I am getting too old for this. I can either reply a remark sarcastically or be ignorant. I think the latter is a better option as it saves my energy to do other interesting things. I foresee more questions arise in future but what the heck. I am sure I can create an invisible shield to steer away those arrows.

On a lighter note, I found a nice coat to keep myself warm during this brutal winter. My existing jacket has a torn and since I'm unsure when I can escape from this miserable weather, I better equip myself with proper attire. Upon googling, I realised it was a runway collection.
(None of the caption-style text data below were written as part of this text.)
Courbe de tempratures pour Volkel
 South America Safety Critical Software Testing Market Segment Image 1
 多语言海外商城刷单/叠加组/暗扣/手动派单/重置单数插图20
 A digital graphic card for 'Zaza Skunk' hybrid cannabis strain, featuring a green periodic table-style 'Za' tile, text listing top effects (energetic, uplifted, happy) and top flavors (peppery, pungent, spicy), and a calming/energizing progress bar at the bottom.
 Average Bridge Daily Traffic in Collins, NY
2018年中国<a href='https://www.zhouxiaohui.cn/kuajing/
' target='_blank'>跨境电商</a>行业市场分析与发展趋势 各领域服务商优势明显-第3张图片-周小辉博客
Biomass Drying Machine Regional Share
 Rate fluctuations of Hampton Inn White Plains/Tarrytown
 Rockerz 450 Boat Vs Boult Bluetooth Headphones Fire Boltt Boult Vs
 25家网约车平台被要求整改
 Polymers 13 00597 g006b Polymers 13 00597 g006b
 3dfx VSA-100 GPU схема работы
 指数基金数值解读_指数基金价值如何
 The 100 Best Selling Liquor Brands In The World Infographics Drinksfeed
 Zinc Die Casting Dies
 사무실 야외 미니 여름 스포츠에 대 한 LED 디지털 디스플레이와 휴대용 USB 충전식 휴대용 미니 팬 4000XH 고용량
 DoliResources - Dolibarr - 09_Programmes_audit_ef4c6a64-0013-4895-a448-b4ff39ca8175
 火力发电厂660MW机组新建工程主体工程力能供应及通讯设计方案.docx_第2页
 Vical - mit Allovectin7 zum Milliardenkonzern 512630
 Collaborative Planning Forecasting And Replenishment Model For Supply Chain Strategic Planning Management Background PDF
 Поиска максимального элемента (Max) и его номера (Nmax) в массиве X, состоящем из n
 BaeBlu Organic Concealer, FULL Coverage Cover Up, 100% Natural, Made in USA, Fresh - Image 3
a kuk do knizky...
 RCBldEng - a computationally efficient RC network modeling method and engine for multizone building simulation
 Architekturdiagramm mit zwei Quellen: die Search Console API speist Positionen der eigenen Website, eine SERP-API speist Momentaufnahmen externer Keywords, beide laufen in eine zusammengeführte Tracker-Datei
Not bad, huh?


Fall 2009 runway collection by E Tahari

Sunday, January 03, 2010

New Year ramblings

I’ve drafted a few posts but they weren’t good enough to be published. Nothing interesting has caught my attention or worthy enough to dwell into. When other people went out to see the fireworks wherever they were on New Year’s eve, we spent the night watching Jack Sparrow on the telly and went to bed soon after. Staying up for countdown no longer appeals, especially not with this weather. We rather spend the night cuddled under our duvet.

The year also promises new tv series which includes The Vampire Diaries, new season of NCIS and CSI NY. I hope TVD is better than True Blood. I tried watching it (TB) but somehow I lost the plot half way. Maybe seasoned vampires are not my thing.

There is also a new movie which I am keen to see, Percy Jackson: The Lightning Thief. It is based on a book and has something to do with Greek mythology, my kind of thing. *grins* The young lady doesn’t understand why I am eager to watch as she thinks it’s scary. I think Medusa played by Uma Thurman has put her off from watching. The snakes on her head look pretty damn good.

Resolutions wise, nothing in particular in my list. I just want to get our paperwork sorted so that we can move closer to the other half. I am also looking forward to the much needed career break. After ten and a half years in this profession, it is wise to slow down and spend time with my loved ones. It seems a few of my friends would like to do the same, one of them intends to enjoy the World Cup. I suppose when we have the luxury to leave our profession and enjoy the moment, why not give it a go.

Anyway, I hope the year will bring wonderful things to you and whatever you seek or wish for, it will come true. Let’s take a stroll into the year, shall we?